**WHAT THE TASK ASKS:** The only acceptable output is every entry, printed exactly.

**MATERIAL SHOWN:**

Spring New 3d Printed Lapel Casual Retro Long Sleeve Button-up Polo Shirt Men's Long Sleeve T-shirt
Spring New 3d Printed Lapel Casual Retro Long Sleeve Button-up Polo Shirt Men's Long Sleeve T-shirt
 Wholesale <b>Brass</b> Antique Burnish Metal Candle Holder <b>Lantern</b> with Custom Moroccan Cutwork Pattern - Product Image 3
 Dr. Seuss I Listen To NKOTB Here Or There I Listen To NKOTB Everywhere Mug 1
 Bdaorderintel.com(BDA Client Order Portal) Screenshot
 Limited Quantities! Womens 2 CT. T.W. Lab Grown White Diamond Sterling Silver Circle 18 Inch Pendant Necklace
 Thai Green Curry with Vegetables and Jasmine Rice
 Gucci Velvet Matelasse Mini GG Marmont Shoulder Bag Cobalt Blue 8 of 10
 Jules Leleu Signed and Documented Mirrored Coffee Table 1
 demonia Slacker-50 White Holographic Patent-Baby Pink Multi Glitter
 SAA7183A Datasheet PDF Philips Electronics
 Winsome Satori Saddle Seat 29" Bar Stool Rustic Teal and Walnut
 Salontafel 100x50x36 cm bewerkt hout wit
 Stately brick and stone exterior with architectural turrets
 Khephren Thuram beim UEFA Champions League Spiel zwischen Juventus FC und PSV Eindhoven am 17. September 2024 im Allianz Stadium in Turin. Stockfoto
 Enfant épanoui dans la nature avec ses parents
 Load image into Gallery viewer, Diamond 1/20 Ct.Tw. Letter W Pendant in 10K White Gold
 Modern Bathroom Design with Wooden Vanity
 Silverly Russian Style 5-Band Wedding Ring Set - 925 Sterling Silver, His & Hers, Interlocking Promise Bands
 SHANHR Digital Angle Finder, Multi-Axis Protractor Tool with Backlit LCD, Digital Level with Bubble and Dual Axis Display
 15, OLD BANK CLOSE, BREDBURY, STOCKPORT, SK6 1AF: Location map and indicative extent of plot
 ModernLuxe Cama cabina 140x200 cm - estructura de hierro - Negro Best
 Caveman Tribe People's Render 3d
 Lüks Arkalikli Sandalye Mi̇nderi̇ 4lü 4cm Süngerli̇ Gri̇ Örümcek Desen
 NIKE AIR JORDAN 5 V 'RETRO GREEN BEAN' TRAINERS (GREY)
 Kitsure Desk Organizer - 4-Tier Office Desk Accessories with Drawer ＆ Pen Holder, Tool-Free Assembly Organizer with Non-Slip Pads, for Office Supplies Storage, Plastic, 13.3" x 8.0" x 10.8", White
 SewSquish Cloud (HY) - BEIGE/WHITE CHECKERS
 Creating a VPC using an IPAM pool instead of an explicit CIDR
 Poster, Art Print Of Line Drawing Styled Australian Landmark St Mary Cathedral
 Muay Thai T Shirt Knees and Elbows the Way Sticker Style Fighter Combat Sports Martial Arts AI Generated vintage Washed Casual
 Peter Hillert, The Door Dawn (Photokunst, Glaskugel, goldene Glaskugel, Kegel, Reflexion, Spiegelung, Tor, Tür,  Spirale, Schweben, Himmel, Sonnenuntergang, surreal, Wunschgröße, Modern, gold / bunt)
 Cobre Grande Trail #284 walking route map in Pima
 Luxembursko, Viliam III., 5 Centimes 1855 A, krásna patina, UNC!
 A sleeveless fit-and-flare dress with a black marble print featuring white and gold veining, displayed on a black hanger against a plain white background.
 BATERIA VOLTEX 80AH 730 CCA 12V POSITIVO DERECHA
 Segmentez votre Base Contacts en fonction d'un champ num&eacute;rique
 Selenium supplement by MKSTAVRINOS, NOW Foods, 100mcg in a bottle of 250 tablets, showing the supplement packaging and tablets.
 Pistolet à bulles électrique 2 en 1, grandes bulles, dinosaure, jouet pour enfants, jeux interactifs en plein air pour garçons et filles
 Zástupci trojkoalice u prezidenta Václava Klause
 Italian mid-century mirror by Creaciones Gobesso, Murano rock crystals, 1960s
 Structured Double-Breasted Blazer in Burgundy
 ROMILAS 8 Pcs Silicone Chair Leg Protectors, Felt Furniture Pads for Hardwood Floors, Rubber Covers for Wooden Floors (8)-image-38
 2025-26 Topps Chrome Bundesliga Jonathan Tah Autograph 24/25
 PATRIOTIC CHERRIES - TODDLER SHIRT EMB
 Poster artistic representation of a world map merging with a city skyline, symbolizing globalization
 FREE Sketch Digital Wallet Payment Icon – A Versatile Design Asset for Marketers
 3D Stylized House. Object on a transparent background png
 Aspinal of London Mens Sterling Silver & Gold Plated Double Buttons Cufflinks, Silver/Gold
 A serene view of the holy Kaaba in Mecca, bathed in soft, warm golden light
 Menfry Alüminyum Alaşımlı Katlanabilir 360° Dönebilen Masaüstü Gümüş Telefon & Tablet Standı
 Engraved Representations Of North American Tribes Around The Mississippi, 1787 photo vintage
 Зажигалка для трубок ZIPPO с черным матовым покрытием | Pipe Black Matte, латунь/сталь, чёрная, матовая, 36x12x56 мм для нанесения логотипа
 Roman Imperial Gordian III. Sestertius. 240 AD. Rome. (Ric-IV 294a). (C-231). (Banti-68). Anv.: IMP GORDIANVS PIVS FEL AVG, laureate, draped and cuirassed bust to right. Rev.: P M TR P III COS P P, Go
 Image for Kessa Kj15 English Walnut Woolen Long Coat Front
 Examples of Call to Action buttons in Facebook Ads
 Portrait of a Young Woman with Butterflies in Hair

**EXERCISE SOLUTION:**
Spring New 3d Printed Lapel Casual Retro Long Sleeve Button-up Polo Shirt Men's Long Sleeve T-shirt
Spring New 3d Printed Lapel Casual Retro Long Sleeve Button-up Polo Shirt Men's Long Sleeve T-shirt
 Wholesale <b>Brass</b> Antique Burnish Metal Candle Holder <b>Lantern</b> with Custom Moroccan Cutwork Pattern - Product Image 3
 Dr. Seuss I Listen To NKOTB Here Or There I Listen To NKOTB Everywhere Mug 1
 Bdaorderintel.com(BDA Client Order Portal) Screenshot
 Limited Quantities! Womens 2 CT. T.W. Lab Grown White Diamond Sterling Silver Circle 18 Inch Pendant Necklace
 Thai Green Curry with Vegetables and Jasmine Rice
 Gucci Velvet Matelasse Mini GG Marmont Shoulder Bag Cobalt Blue 8 of 10
 Jules Leleu Signed and Documented Mirrored Coffee Table 1
 demonia Slacker-50 White Holographic Patent-Baby Pink Multi Glitter
 SAA7183A Datasheet PDF Philips Electronics
 Winsome Satori Saddle Seat 29" Bar Stool Rustic Teal and Walnut
 Salontafel 100x50x36 cm bewerkt hout wit
 Stately brick and stone exterior with architectural turrets
 Khephren Thuram beim UEFA Champions League Spiel zwischen Juventus FC und PSV Eindhoven am 17. September 2024 im Allianz Stadium in Turin. Stockfoto
 Enfant épanoui dans la nature avec ses parents
 Load image into Gallery viewer, Diamond 1/20 Ct.Tw. Letter W Pendant in 10K White Gold
 Modern Bathroom Design with Wooden Vanity
 Silverly Russian Style 5-Band Wedding Ring Set - 925 Sterling Silver, His & Hers, Interlocking Promise Bands
 SHANHR Digital Angle Finder, Multi-Axis Protractor Tool with Backlit LCD, Digital Level with Bubble and Dual Axis Display
 15, OLD BANK CLOSE, BREDBURY, STOCKPORT, SK6 1AF: Location map and indicative extent of plot
 ModernLuxe Cama cabina 140x200 cm - estructura de hierro - Negro Best
 Caveman Tribe People's Render 3d
 Lüks Arkalikli Sandalye Mi̇nderi̇ 4lü 4cm Süngerli̇ Gri̇ Örümcek Desen
 NIKE AIR JORDAN 5 V 'RETRO GREEN BEAN' TRAINERS (GREY)
 Kitsure Desk Organizer - 4-Tier Office Desk Accessories with Drawer ＆ Pen Holder, Tool-Free Assembly Organizer with Non-Slip Pads, for Office Supplies Storage, Plastic, 13.3" x 8.0" x 10.8", White
 SewSquish Cloud (HY) - BEIGE/WHITE CHECKERS
 Creating a VPC using an IPAM pool instead of an explicit CIDR
 Poster, Art Print Of Line Drawing Styled Australian Landmark St Mary Cathedral
 Muay Thai T Shirt Knees and Elbows the Way Sticker Style Fighter Combat Sports Martial Arts AI Generated vintage Washed Casual
 Peter Hillert, The Door Dawn (Photokunst, Glaskugel, goldene Glaskugel, Kegel, Reflexion, Spiegelung, Tor, Tür,  Spirale, Schweben, Himmel, Sonnenuntergang, surreal, Wunschgröße, Modern, gold / bunt)
 Cobre Grande Trail #284 walking route map in Pima
 Luxembursko, Viliam III., 5 Centimes 1855 A, krásna patina, UNC!
 A sleeveless fit-and-flare dress with a black marble print featuring white and gold veining, displayed on a black hanger against a plain white background.
 BATERIA VOLTEX 80AH 730 CCA 12V POSITIVO DERECHA
 Segmentez votre Base Contacts en fonction d'un champ num&eacute;rique
 Selenium supplement by MKSTAVRINOS, NOW Foods, 100mcg in a bottle of 250 tablets, showing the supplement packaging and tablets.
 Pistolet à bulles électrique 2 en 1, grandes bulles, dinosaure, jouet pour enfants, jeux interactifs en plein air pour garçons et filles
 Zástupci trojkoalice u prezidenta Václava Klause
 Italian mid-century mirror by Creaciones Gobesso, Murano rock crystals, 1960s
 Structured Double-Breasted Blazer in Burgundy
 ROMILAS 8 Pcs Silicone Chair Leg Protectors, Felt Furniture Pads for Hardwood Floors, Rubber Covers for Wooden Floors (8)-image-38
 2025-26 Topps Chrome Bundesliga Jonathan Tah Autograph 24/25
 PATRIOTIC CHERRIES - TODDLER SHIRT EMB
 Poster artistic representation of a world map merging with a city skyline, symbolizing globalization
 FREE Sketch Digital Wallet Payment Icon – A Versatile Design Asset for Marketers
 3D Stylized House. Object on a transparent background png
 Aspinal of London Mens Sterling Silver & Gold Plated Double Buttons Cufflinks, Silver/Gold
 A serene view of the holy Kaaba in Mecca, bathed in soft, warm golden light
 Menfry Alüminyum Alaşımlı Katlanabilir 360° Dönebilen Masaüstü Gümüş Telefon & Tablet Standı
 Engraved Representations Of North American Tribes Around The Mississippi, 1787 photo vintage
 Зажигалка для трубок ZIPPO с черным матовым покрытием | Pipe Black Matte, латунь/сталь, чёрная, матовая, 36x12x56 мм для нанесения логотипа
 Roman Imperial Gordian III. Sestertius. 240 AD. Rome. (Ric-IV 294a). (C-231). (Banti-68). Anv.: IMP GORDIANVS PIVS FEL AVG, laureate, draped and cuirassed bust to right. Rev.: P M TR P III COS P P, Go
 Image for Kessa Kj15 English Walnut Woolen Long Coat Front
 Examples of Call to Action buttons in Facebook Ads
 Portrait of a Young Woman with Butterflies in Hair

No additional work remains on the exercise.